* [DESCRIPTION OF THE TASK]:
Write out exactly, excluding pictures, the lines from the one containing "610 Helton Road — Cherryville" through the end of the data, both included.

[RECORDED INFORMATION]

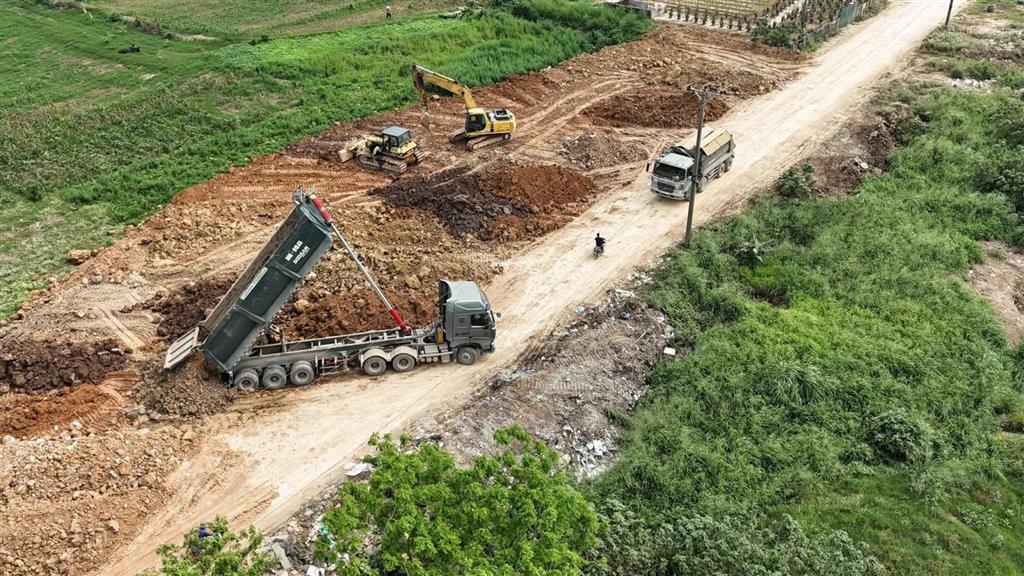 Bán 180m2 tàm xá  ô tô chạy vòng quanh  vài bước ra hồ điều hoà  mặt tiền rộng xây biệt thự vip
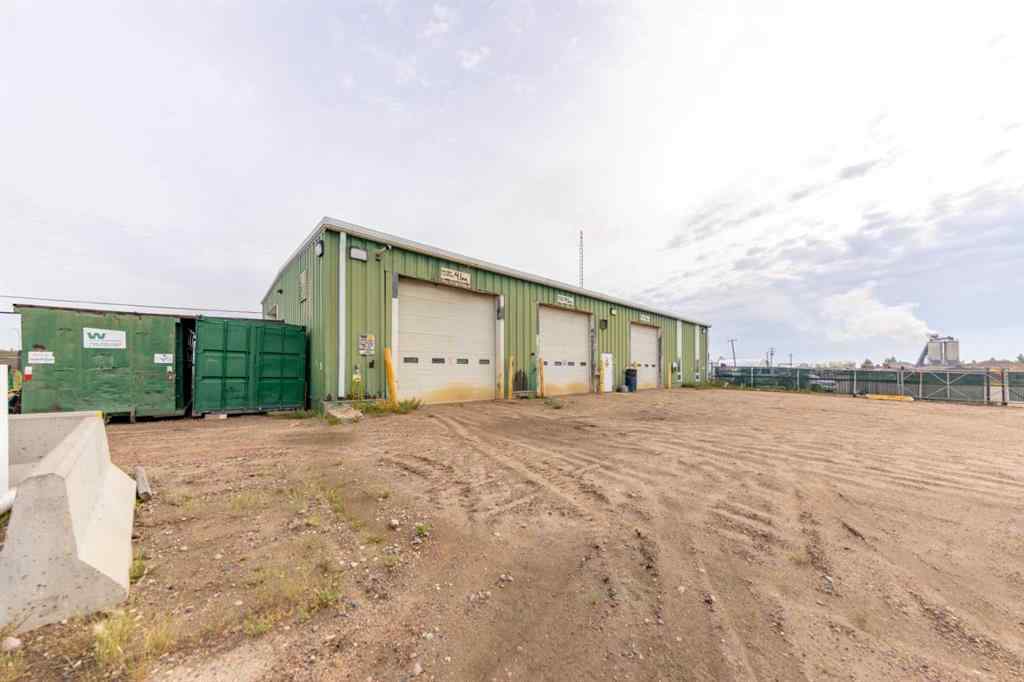 MLS® A2240179 - 5104 42 Avenue  in East Lloydminster Lloydminster, Commercial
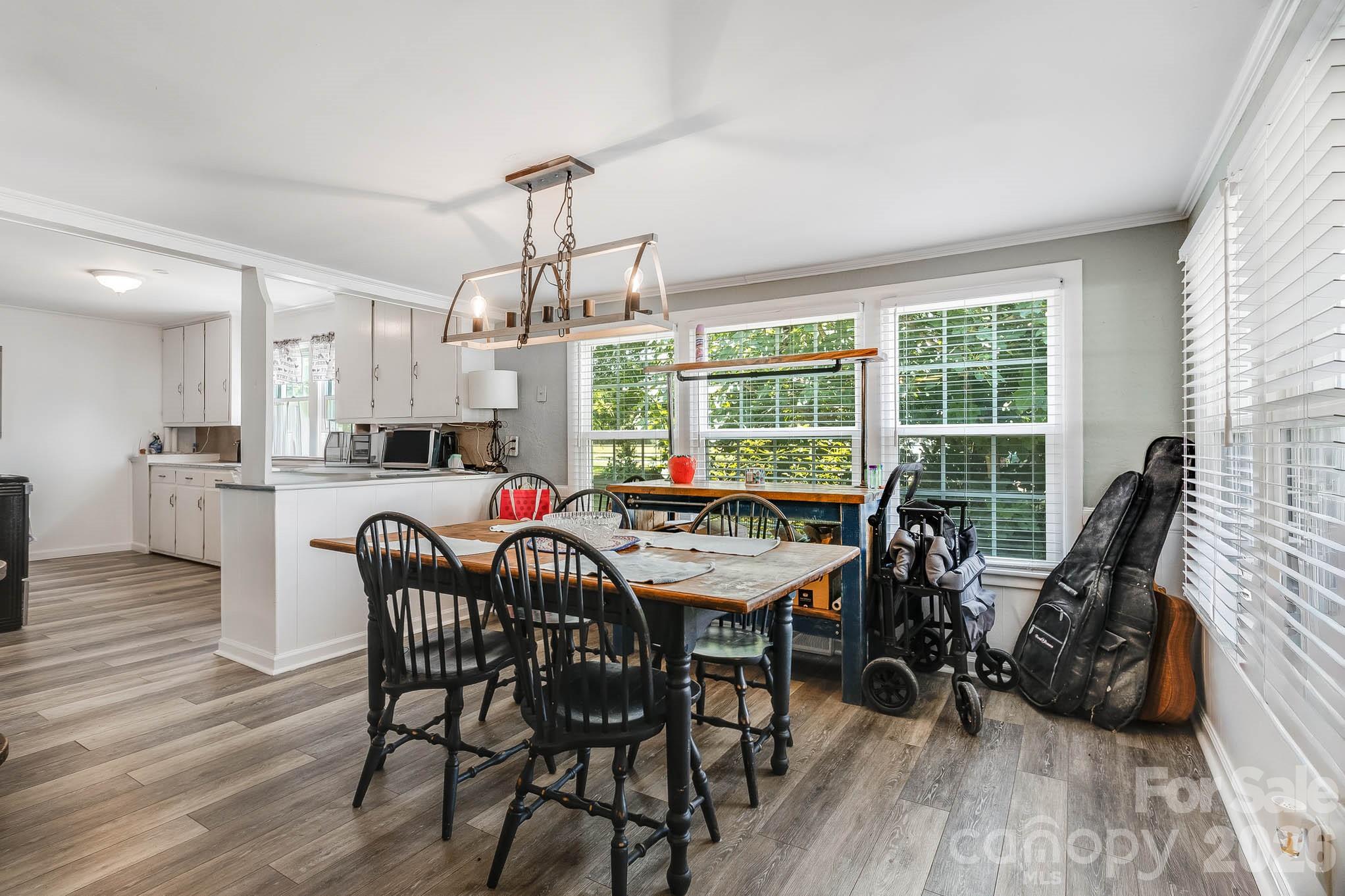 610 Helton Road — Cherryville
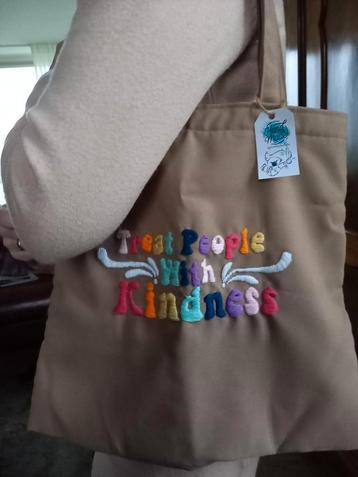 Surinaamse schoudertas 30 x 35 beschikbaar voor biedingen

[/RECORDED INFORMATION]

* [OUTPUT BELOW]:
 610 Helton Road — Cherryville
 Surinaamse schoudertas 30 x 35 beschikbaar voor biedingen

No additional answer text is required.